The purpose of this assignment is to gain practice with object-oriented programming, bitwise operators, number systems, and cryptography. The specific goals are to:

- Continue to familiarize yourself with objects in Java.
- Understand the differences between static libraries and non-static objects.
- Implement practical examples of bits and bitwise functions.
- Get a glimpse into the world of modern cryptography. At the end of the assignment, you will be able to encrypt and decrypt text using a pseudo-random number stream, and reveal messages hidden into images.

Encryption is the process of encoding messages or information that can only be decoded by people with authorization (usually some sort of key). Good encryption algorithms produce output that looks random to a bystander but is easily decipherable with the correct key.

In Hail, Caesar!, the key was a single character which shifted all characters in the message up the alphabet. This algorithm was far from perfect, and you demonstrated this by writing a function to crack the cipher without having authorization. This exploited the fact that the outputted cipher wasn’t entirely random – some letters appeared an abnormal amount, and this allowed you to find the offset key.

Over the two millennia since Julius Caesar, cryptography has gone a long way. Computers have played an enormous role in developing information communications as well as keeping those communications safe. In this assignment, you will implement and use a `linear feedback shift register (LFSR)`

to create a stream of pseudo-random bits. This will help you create a significantly more random cipher.

Once you have written a crypto library, with the necessary functions, you will use it for a practical application: steganography — the practice of hiding secret messages in images in plain sight.

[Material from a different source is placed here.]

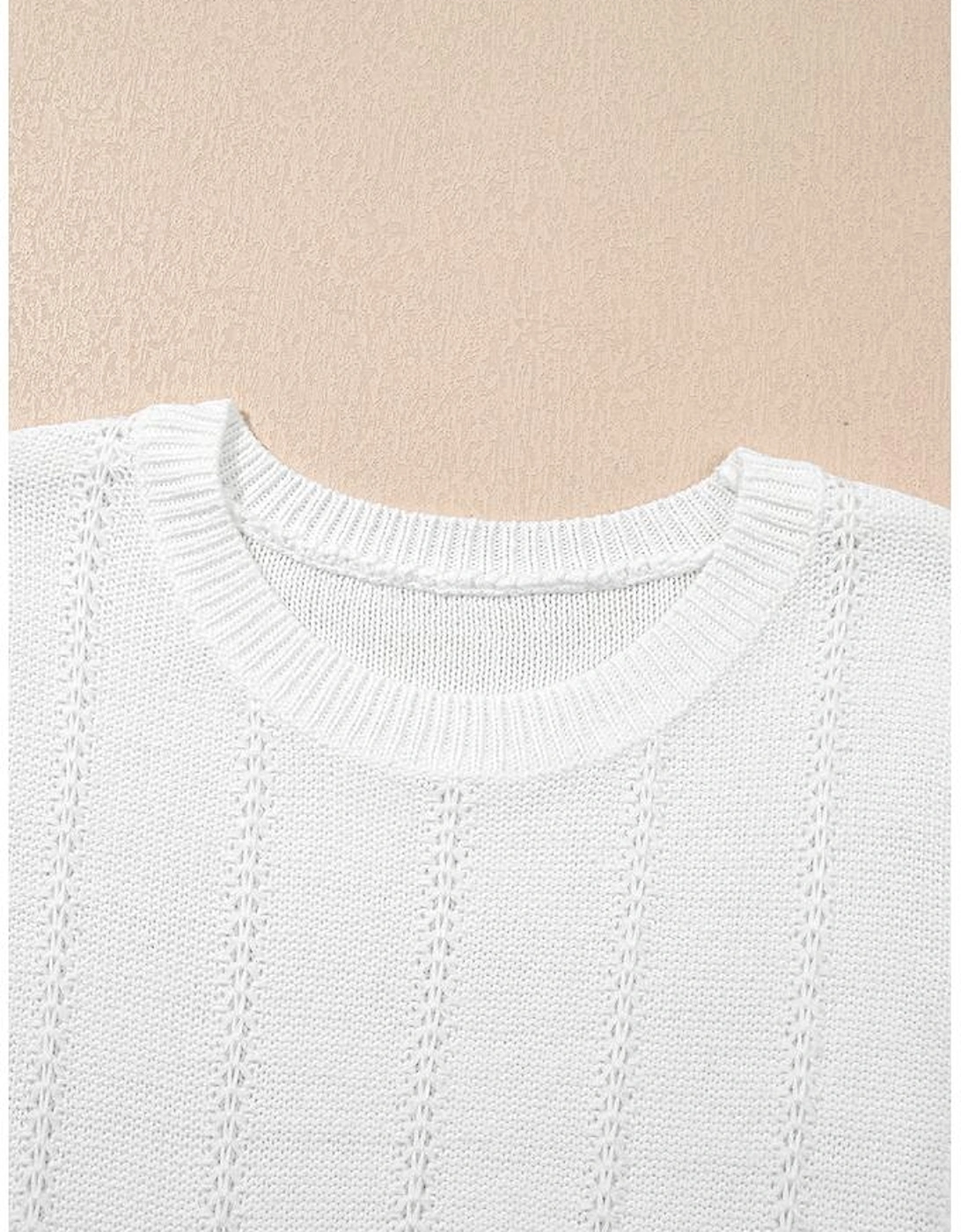 White Pointelle Knit Short Puff Sleeve Crewneck Sweater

First you will write an LFSR object. Once given a “seed”, it produces a boundless stream of seemingly random bits (1s and 0s). The key feature is that given the same seed, the LFSR will produce the **same stream of bits**. This means that if Alice and Bob both know the same seed, they can produce identical random bit streams.

To encrypt the message, you will perform an **exclusive or** (^) operation between each bit in the message and the LFSR’s sequence of pseudo-random bits. The resulting cipher, after you perform the XOR operations will appear to be nonsense, like `Kao y{u(x kp }1rkz~|g2rjf@r)`

, but when it is XORed again with the same sequence of pseudo-random bits as the first time, the encrypted message can be decrypted into the original message.

Since an LFSR’s bit stream is completely determined by its given parameters, Alice can produce the same bit stream that Bob used to encrypt a cipher if she knows the seed, and so can decrypt the message through the same process. For this reason, an LFSR encryption scheme is a symmetric key encryption technique (the alternative is an asymmetric scheme, in which different passwords are used for encrypting and decrypting).

All of the extra files (image data and readme) you need will be in codio when you start the assignment, and you can download them here as well. You will be writing the following two classes from scratch. Their APIs are listed below, but each will be elaborated on in later sections of the homework. You **must include all of the functions** listed below in the class under which they are listed.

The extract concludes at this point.